**Exercise instructions:** Transcribe exactly, and only, the lines from the one containing "Divano a Terra" through the end of the entries below, leaving the pictures out.

**Data for the task:**

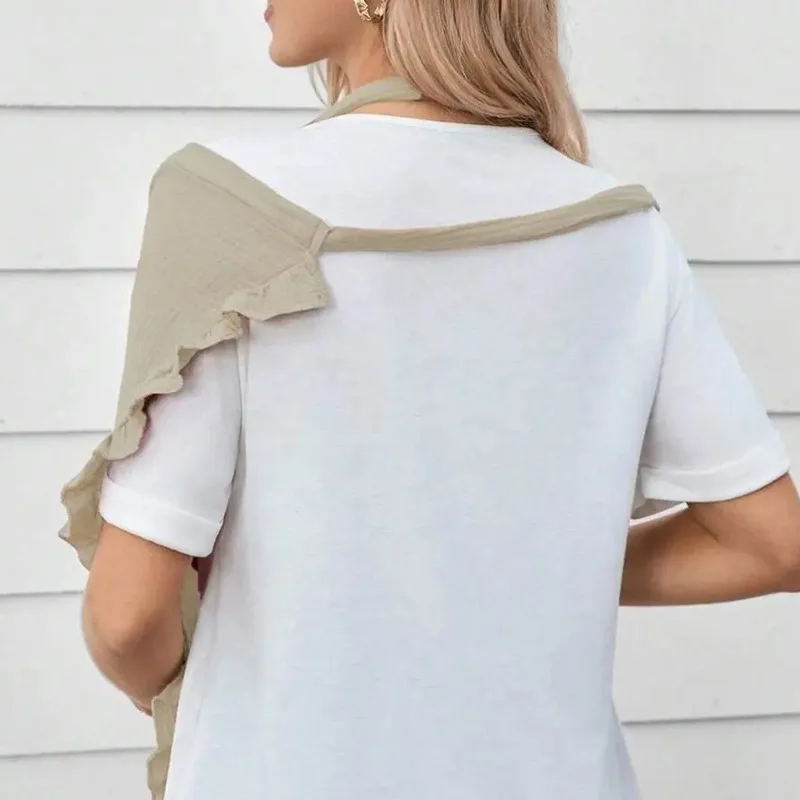 Anti-Peek All - Capa de enfermagem impressa em gaze de algodão Poncho de enfermagem ao ar livre Capa de modéstia para amamentação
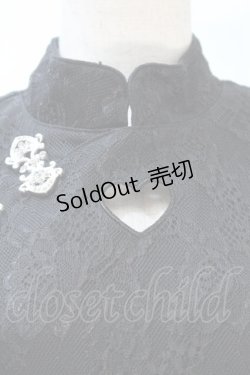 画像3: Ank Rouge / ハートあきレースチャイナワンピース  黒 S-25-10-21-047-CA-OP-HR-ZS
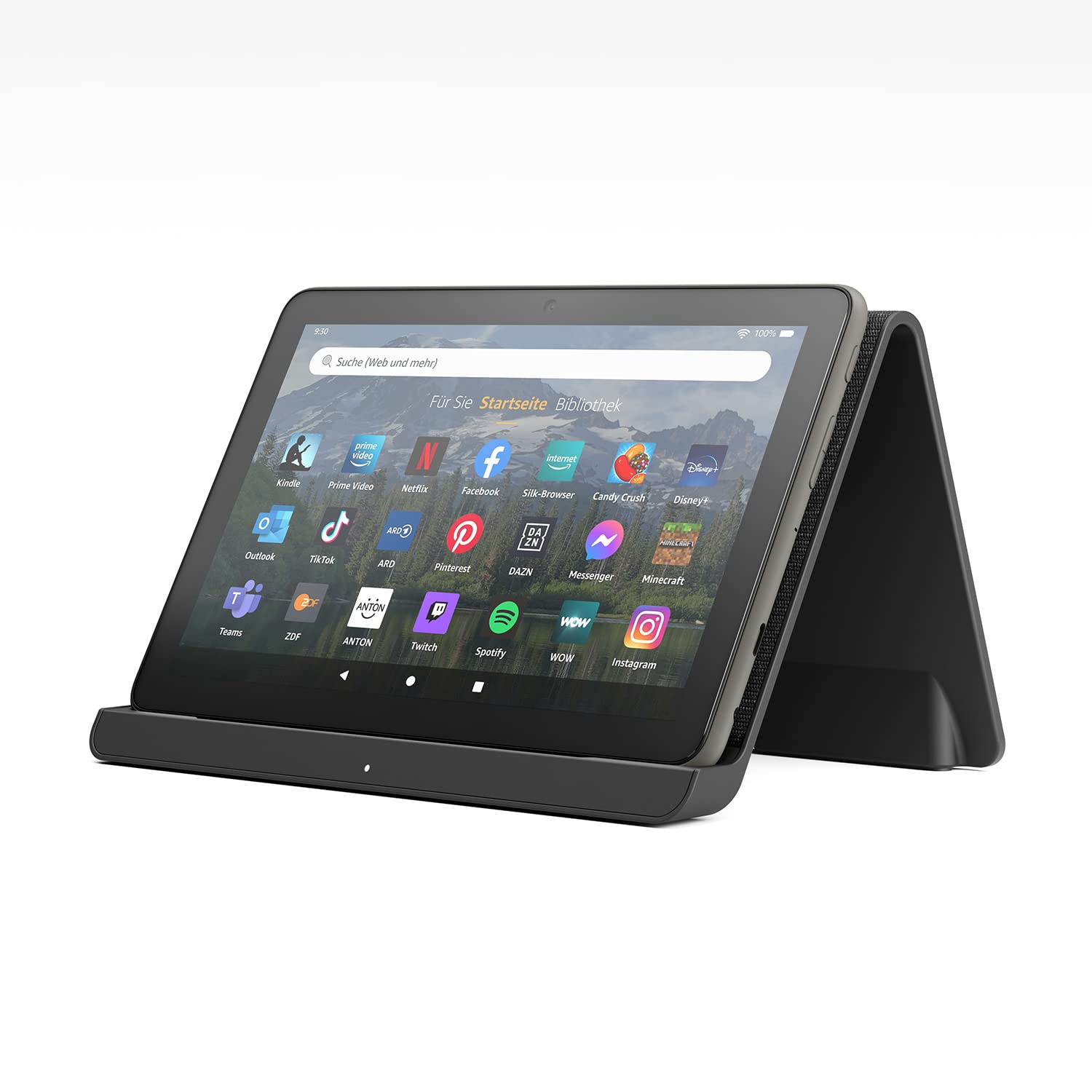 “Made for Amazon”: Wireless charging dock for Amazon Fire HD 8 Plus (versions 2022 and 2020) - RJ75-N090110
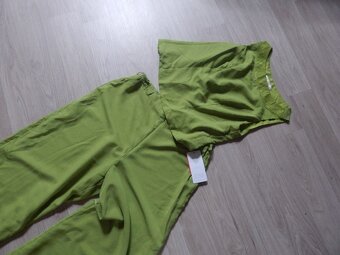 letní kalhotový kostymek vel. XL - 8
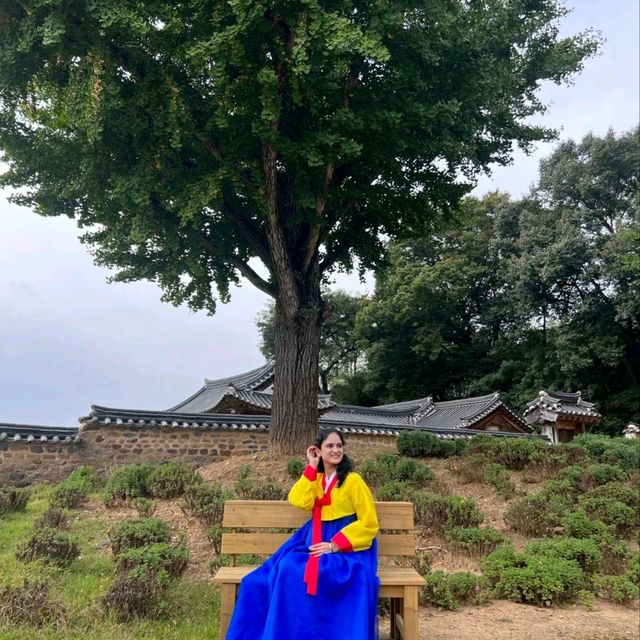 Wearing hanbok in buyeo! 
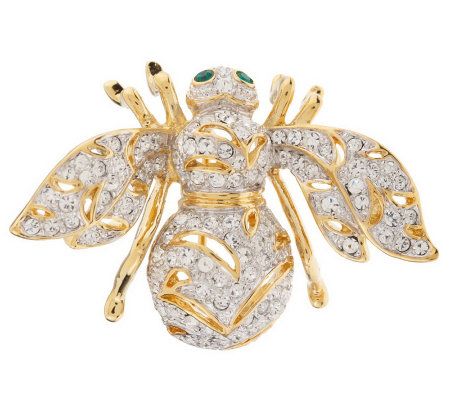 Joan Rivers Limited Edition Clearly Dazzling Bee Pin - Page 1 — QVC.com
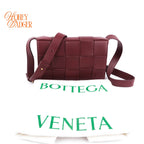 Bottega Veneta Cassette Intrecciato Burgundy Rank A
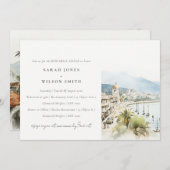 Santa Marta Colombia Landscape Rehearsal Dinner 招待状 (正面/裏面)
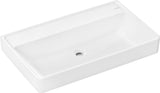 HANSGROHE Waschtisch Compact Xanuia Q 800x480mm weiß mit Hahnloch und Überlauf
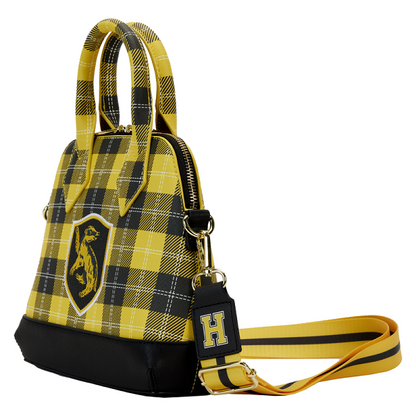 LOUNGEFLY HARRY POTTER PLAID HUFFLEPUFF CROSSBODY (usagé)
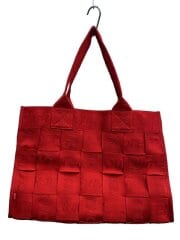 画像：Woven Large Tote/トートバッグ/--/RED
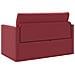 Divano a Terra Letto 2 in 1 Rosso Vino 124x71x78 cm Pelle Artificiale - Foto miniatura 8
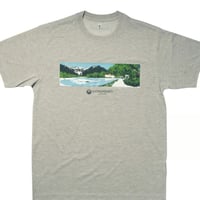 五千尺×モンベル　オリジナルTシャツ [ヘザーチャコール]-KAM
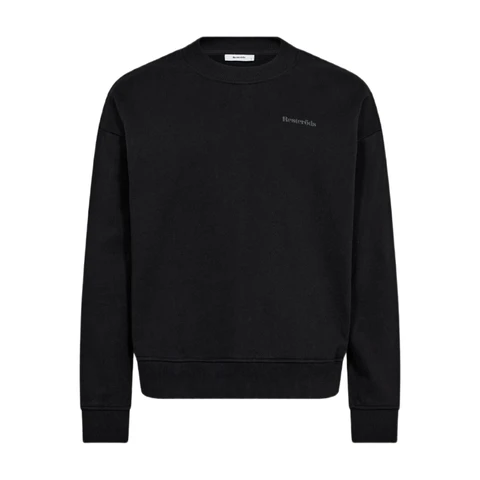 Resteröds RTDRAKE Schwarz XL Locker geschnittenes Langarmshirt mit Rundhalsausschnitt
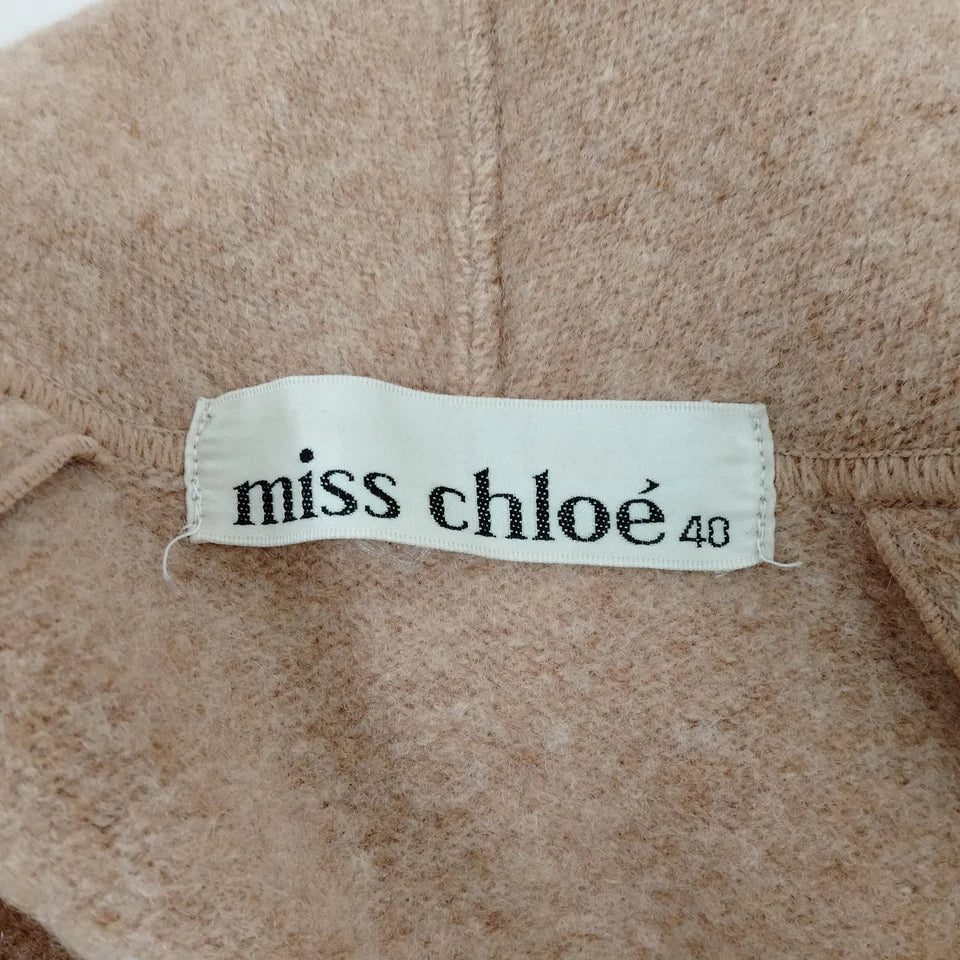 CHLOE PARIS. Vintage Miss Chloe Brown Wool Whipstitch Coat
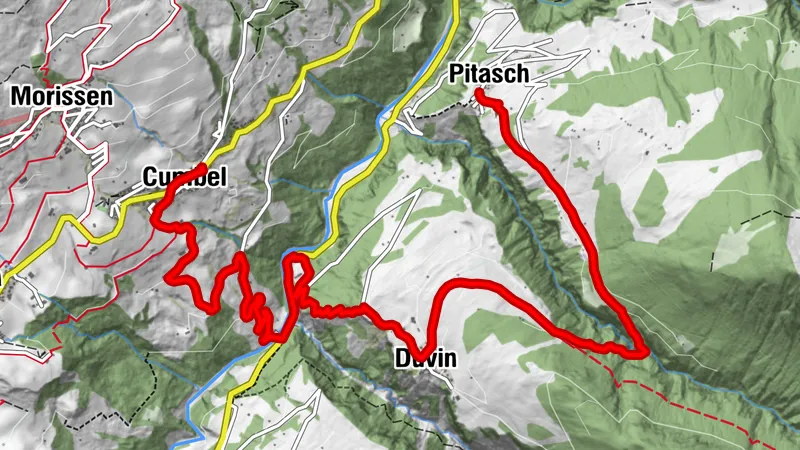 Via Glion Etappe 5: Cumbel - Pitasch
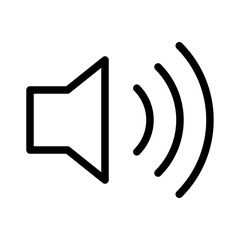 Volume UP Application Web Interface Software vector icon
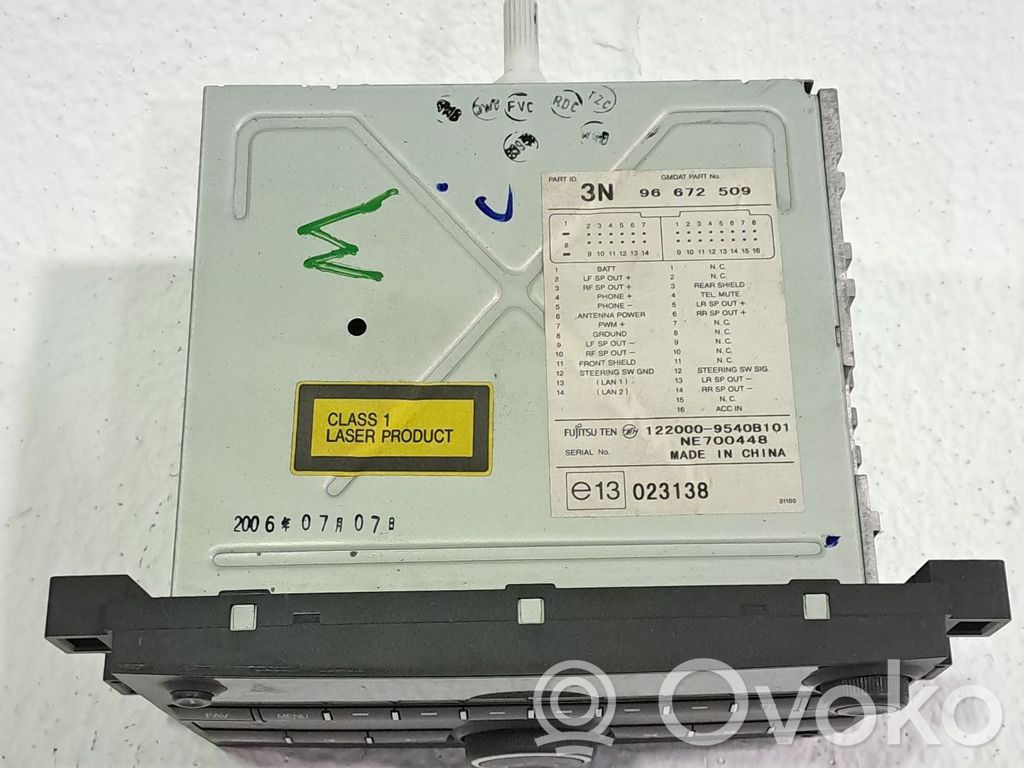 Chevrolet Captiva Unitate principală radio/CD/DVD/GPS 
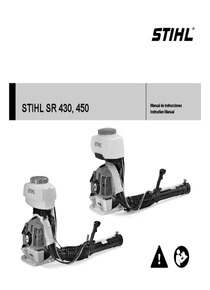 Atomizador Stihl SR450 - Manual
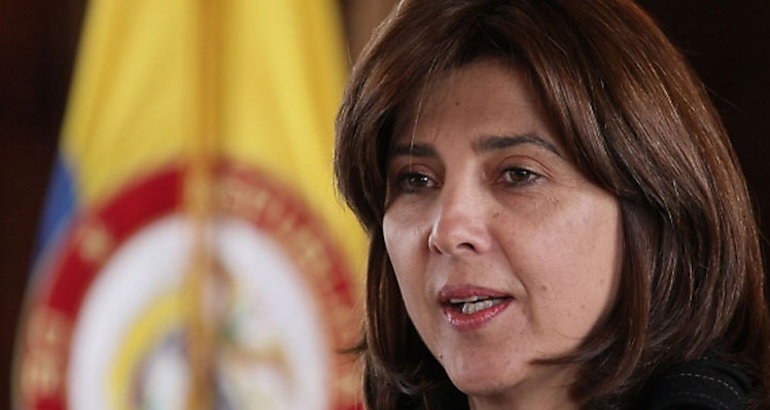 La canciller de Colombia Mara ngela Holgun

**Answer to the problem:**
 Divano a Terra Letto 2 in 1 Rosso Vino 124x71x78 cm Pelle Artificiale - Foto miniatura 8
 五千尺×モンベル　オリジナルTシャツ [ヘザーチャコール]-KAM
 Resteröds RTDRAKE Schwarz XL Locker geschnittenes Langarmshirt mit Rundhalsausschnitt
 CHLOE PARIS. Vintage Miss Chloe Brown Wool Whipstitch Coat
 Via Glion Etappe 5: Cumbel - Pitasch
 Volume UP Application Web Interface Software vector icon
 Chevrolet Captiva Unitate principală radio/CD/DVD/GPS 
 Atomizador Stihl SR450 - Manual
 La canciller de Colombia Mara ngela Holgun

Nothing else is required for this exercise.